Hidden entropy production by fast variables

TL;DR

This paper studies nonequilibrium entropy production in coupled Brownian particles, revealing that fast variables can hide additional entropy production not apparent in the slow variables, especially as the coupling strength increases.

Contribution

It demonstrates that fast variables contribute hidden entropy production in harmonic systems, even in the strong coupling limit, contrasting with rigid rod models.

Findings

Harmonic systems produce more entropy than rigid rods at large coupling K.

Fast variables contribute significantly to total entropy production.

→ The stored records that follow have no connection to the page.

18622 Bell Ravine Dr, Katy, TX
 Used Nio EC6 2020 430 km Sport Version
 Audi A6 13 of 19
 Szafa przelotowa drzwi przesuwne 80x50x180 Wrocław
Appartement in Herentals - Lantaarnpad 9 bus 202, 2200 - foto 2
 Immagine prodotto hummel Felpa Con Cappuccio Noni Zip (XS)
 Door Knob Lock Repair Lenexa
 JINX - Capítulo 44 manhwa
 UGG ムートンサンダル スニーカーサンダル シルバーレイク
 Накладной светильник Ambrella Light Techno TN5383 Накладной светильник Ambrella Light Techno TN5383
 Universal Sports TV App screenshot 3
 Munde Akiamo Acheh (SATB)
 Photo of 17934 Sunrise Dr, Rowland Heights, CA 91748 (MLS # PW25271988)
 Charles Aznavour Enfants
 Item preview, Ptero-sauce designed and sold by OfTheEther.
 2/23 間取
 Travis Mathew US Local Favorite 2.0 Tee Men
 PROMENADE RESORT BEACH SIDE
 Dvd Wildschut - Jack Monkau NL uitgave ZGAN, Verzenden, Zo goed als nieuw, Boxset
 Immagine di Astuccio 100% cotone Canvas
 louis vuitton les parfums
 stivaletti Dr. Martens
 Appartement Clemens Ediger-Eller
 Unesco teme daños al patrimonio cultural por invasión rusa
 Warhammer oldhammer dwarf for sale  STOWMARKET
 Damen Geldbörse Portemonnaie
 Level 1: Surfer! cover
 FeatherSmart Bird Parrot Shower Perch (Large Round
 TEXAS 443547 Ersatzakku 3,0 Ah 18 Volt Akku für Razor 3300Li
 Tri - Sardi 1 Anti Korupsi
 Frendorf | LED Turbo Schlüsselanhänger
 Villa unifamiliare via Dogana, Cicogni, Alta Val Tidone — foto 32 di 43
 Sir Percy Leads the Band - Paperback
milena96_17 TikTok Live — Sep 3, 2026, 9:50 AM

Hidden entropy production persists in the K→∞ limit due to fast degrees of freedom.

Abstract

We investigate nonequilibrium underdamped Langevin dynamics of Brownian particles that interact through a harmonic potential with coupling constant $K$ and are in thermal contact with two heat baths at different temperatures. The system is characterized by a net heat flow and an entropy production in the steady state. We compare the entropy production of the harmonic system with that of Brownian particles linked with a rigid rod. The harmonic system may be expected to reduce to the rigid rod system in the infinite $K$ limit. However, we find that the harmonic system in the $K\to\infty$ limit produces more entropy than the rigid rod system. The harmonic system has the center of mass coordinate as a slow variable and the relative coordinate as a fast variable. By identifying the contributions of the degrees of freedom to the total entropy production, we show that the hidden entropy production by the fast variable is responsible for the extra entropy production. We discuss the $K$ dependence of each contribution.